Thus, the broad goals and specific objectives of the grant are to:

1. Goal: enhance student learning by improving higher-order thinking skills.

    Objectives: To increase students’ level of conceptual understanding and their ability to apply knowledge to new situations, think independently, and evaluate and communicate their inquiry process.

 

2. Goal: encourage inquiry-based methods of instruction across the curriculum.

    Objectives: To provide models that successfully apply inquiry-based methods in areas such as: writing to learn, interdisciplinary learning, theme-based learning, community-based projects, and service-learning; and to increase faculty/student collaboration across the curriculum.

 

3. Goal: infuse collaborative inquiry into the culture of the University of St.

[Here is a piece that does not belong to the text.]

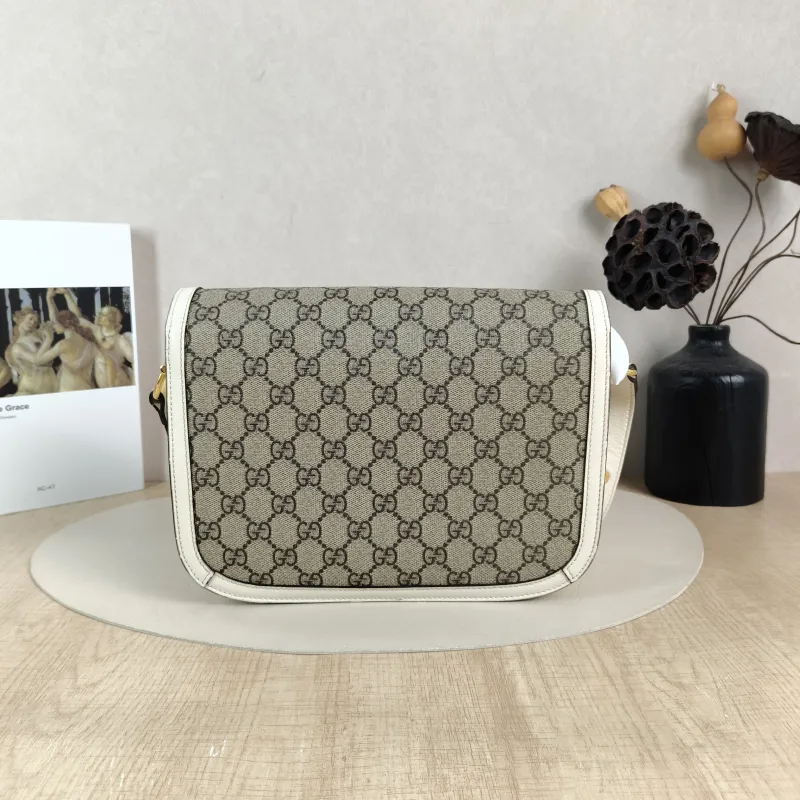 GUCCI Crossbody Bag Horsebit 1955 Horsebit Medium White PVC Medium25 × 8 × 18 cm — cover view 2 of 6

Thomas.

    Objective: To publicize the effect of inquiry-based methods on student learning and classroom instruction.

 

Together with UST matching funds, the Bush Foundation’s grant award is for $2,000,000 over three years, renewable for three more years.  Many of those funds will be regranted through two sets of programs:

 

1) grants to faculty:

 

· Project Grants: to implement inquiry-based teaching methods in undergraduate courses

· Core and Core Area Grants: to enhance inquiry-based teaching of core and core area courses

· Seed Grants: to support implementation of inquiry-based projects with external funding

· Dissemination Grants: to disseminate Collaborative Inquiry results at conferences

 

2) grants to students and their faculty mentors for student/faculty collaboration:

 

These grants are administered through the Young Scholars program.  The Young Scholars program awards $3,000 to a student and $500 to their faculty mentor for collaborative scholarship.  Students submit a proposal in April and are funded for 12 weeks of work during the summer.  (More information about the Young Scholars program is available at the Bush Grant website below).

 

Faculty applying  for any Collaborative Inquiry funding are encouraged to read the full 20-page grant proposal, available at www.stthomas.edu/bushgrant.  Pages 6-9 provide examples of Collaborative Inquiry projects.

 

 

Guidelines for Grants to Faculty

 

Proposal Review Criteria   Reviewers must determine from the proposal narrative whether the project can make an appropriate and effective contribution to the goals of the Bush grant for Collaborative Inquiry.  Reviewers will be looking at the following criteria:

 

· Is the proposal clear, concise, and written for a general audience?
· What evidence is there of the need for the project?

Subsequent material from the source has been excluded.